<<<<
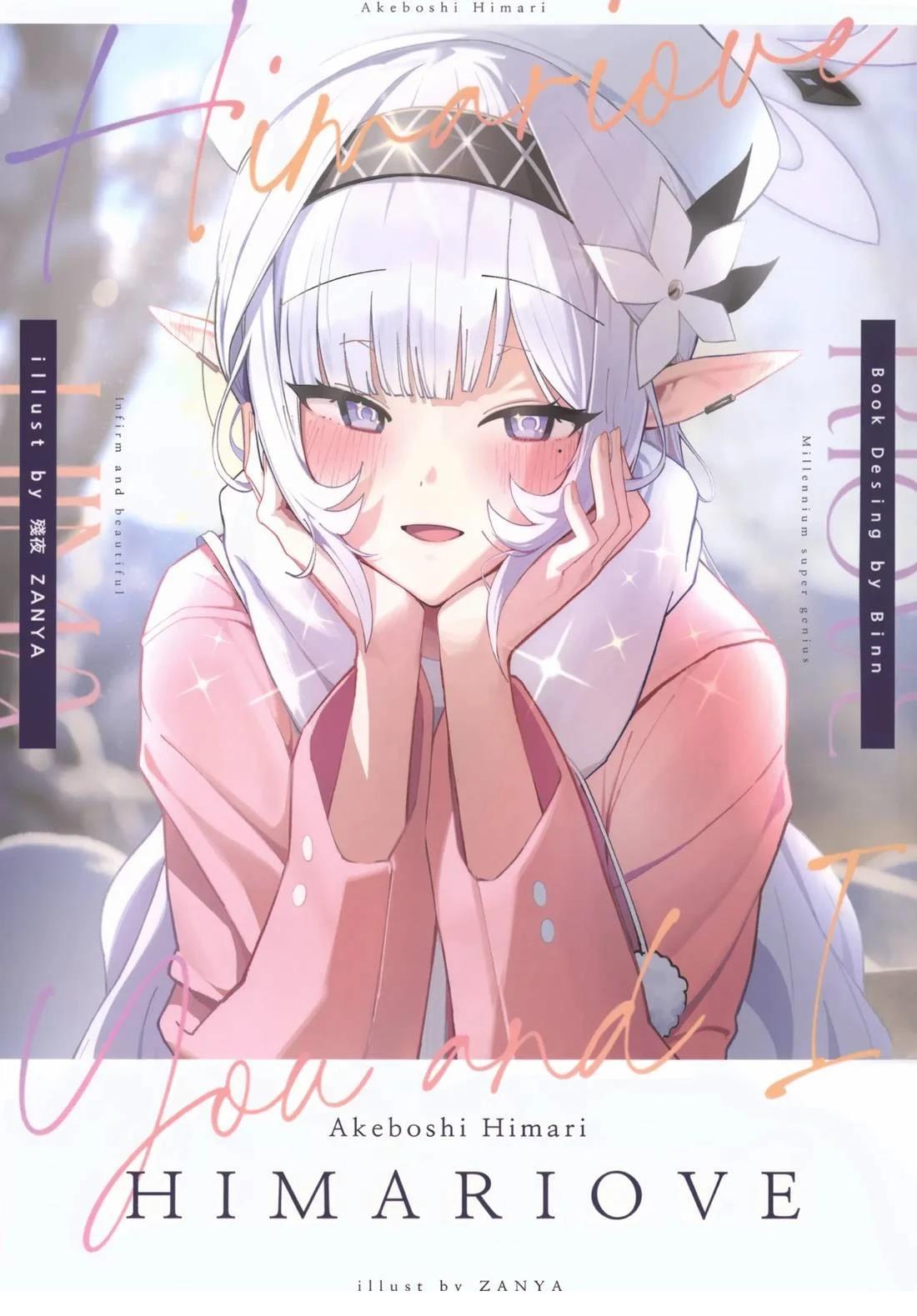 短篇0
>>>>
<<<<
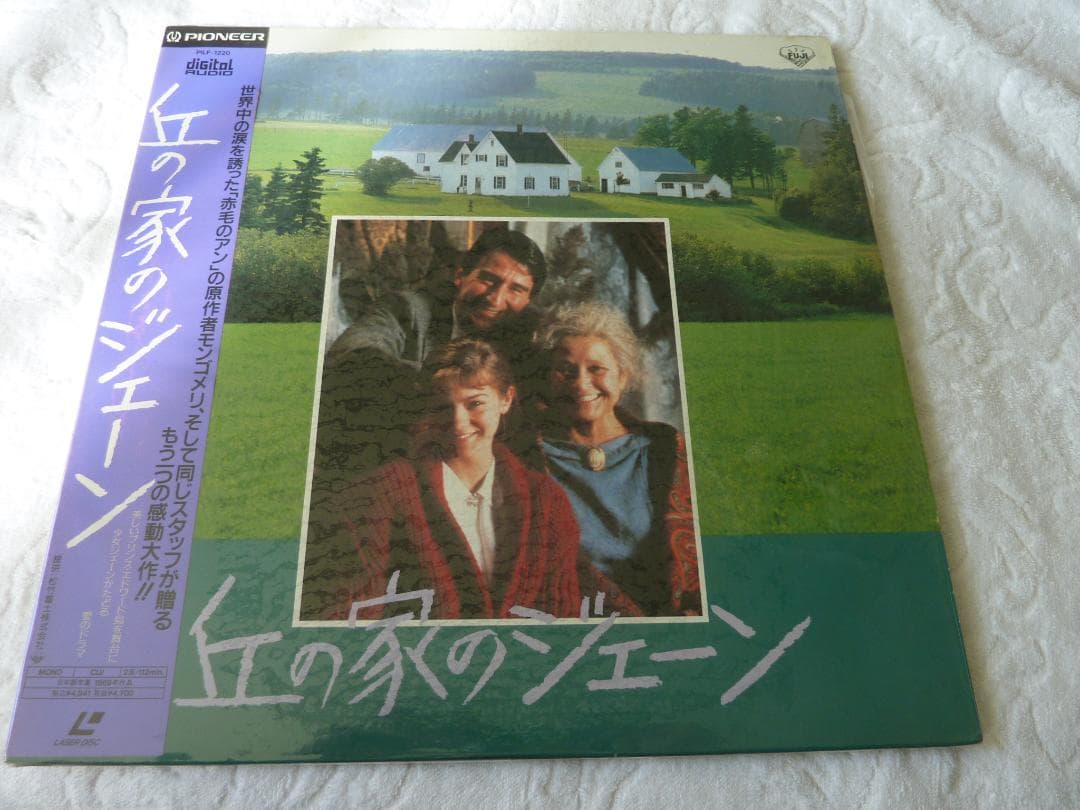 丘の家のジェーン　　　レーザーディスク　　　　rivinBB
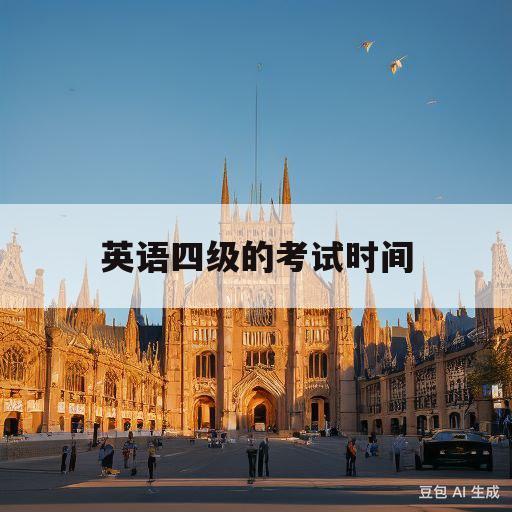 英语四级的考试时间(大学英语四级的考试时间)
>>>>
→ Problem statement: Copy exactly, without pictures, the lines above from the one with "丘の家のジェーン　　　レーザーディスク　　　　rivinBB" down to the one with "英语四级的考试时间(大学英语四级的考试时间)", inclusive.

→ Exercise solution:
 丘の家のジェーン　　　レーザーディスク　　　　rivinBB
 英语四级的考试时间(大学英语四级的考试时间)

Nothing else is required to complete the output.